It is and it isn't rocket science

十二月 16, 2005

When kids want to be astronauts but not scientists and can't see the link between the two, we must be doing something wrong, says Kevin Fong

It's official: physicists have joined the endangered academic species list, along with that now rarely sighted animal, the common or garden chemist. Last year, the erosion of these creatures' natural habitat - the university science department - made headlines with the loss of significant breeding grounds in Exeter, Swansea and Newcastle.

Recently, the sharp decline in the number of A-level students taking physics was also highlighted but, by the time this column goes to press, last month's flurry of news items trumpeting the imminent extinction of the physical scientist as a species will have already been forgotten, superseded no doubt by other more pressing items such as who won I'm a Celebrity... Get Me Out of Here.

Inevitably, there will soon be another report saying that even fewer people are enrolling for undergraduate science than ever before, in much the same way that every now and again somebody reminds us how many Sumatran rhinos there are left in the wild. Who knows, maybe we can look forward to people running the London Marathon in Isaac Newton costumes under a "Save the British Physicist" banner.

Efforts are being made to address this iceberg on the horizon of UK science. Schemes range from bribing graduates with small sums of money to induce them to train as physics teachers to bribing students with smaller sums to encourage them to study the subject in the first place. But these are desperate times and these are not sufficiently desperate measures.
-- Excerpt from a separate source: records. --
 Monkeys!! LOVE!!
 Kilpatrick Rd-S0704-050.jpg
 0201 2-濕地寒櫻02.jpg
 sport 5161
So why aren't we doing more? Partly because this problem belongs to the future, while at present physics, astronomy and related disciplines are thriving at research-output level, generating more decent science per unit of public investment than the majority of our international competitors. It is easy therefore to create a false sense of security and easier still to do little or nothing. But this is rather like being part of the last dodo enclave, clucking around on the beach, happily admiring the quality of each other's plumage while passively watching the boatloads of men with guns quietly putting to shore.

Physical science has for whatever reason ceased to be attractive not just to schoolchildren and undergraduates but also to the public. The message is clear: we are not making science exciting enough; we are not providing role models for aspirant scientists; we are failing dismally at the public fascination game. This admittedly is probably part of a wider cultural shift but that does not mean we cannot do anything about it, it just means we will need to do some radical thinking. I would suggest that the problem is so bad that any proposed solution that on first inspection doesn't look completely outrageous probably isn't sufficiently outrageous to work.
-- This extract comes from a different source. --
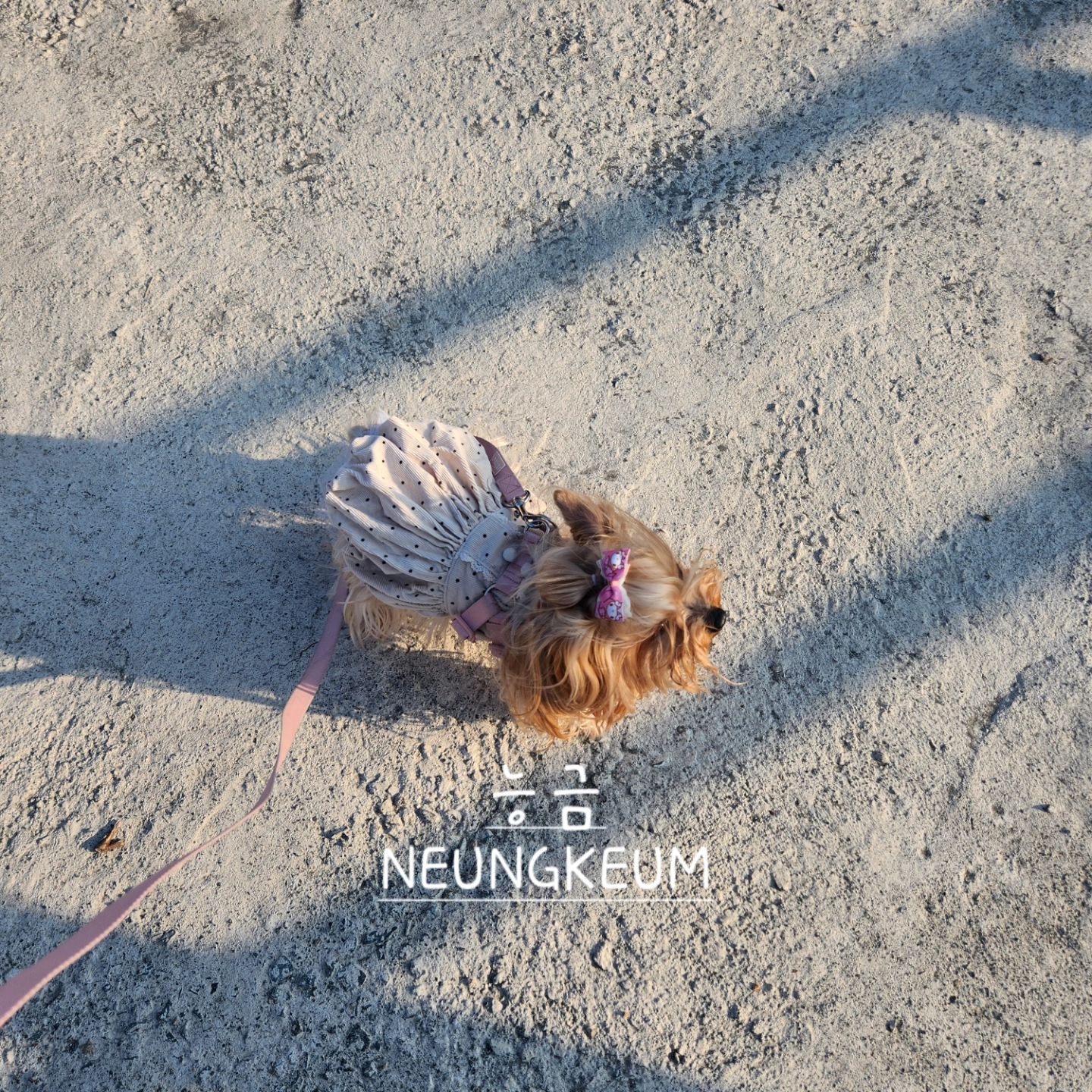 금능이들 할모니 찬스 산책 🐶❤️😍😊

.

Thank you for your heart and comments 😊
.
#KEUMBI #NEUNGKEUM #금비 #능금 #요크셔테리어 #yorkiegram #우아금비 #깜찍능금 #instadog #내공주님들♥#요키는사랑입니다❤️ #황금개_금비랑능금이 #금능이네 #yorkshireterrier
Here's a simple experiment we can all do. Ask a classroom of schoolkids "Who wants to be an astronaut when they grow up?" and the air is suddenly full of waving limbs; then witness the deforestation brought about by asking how many of them want to be scientists. Children are inspired by the former prospect but fail to see the link with the latter vocation. If we cannot understand this simple phenomenon or appreciate what the future holds should we fail to act, we are probably not as smart as we'd like to think we are.

Kevin Fong is a physiology lecturer at University College London, a junior doctor and co-director of the Centre for Aviation, Space and Extreme Environment Medicine. He is a fellow of the National Endowment for Science, Technology and the Arts.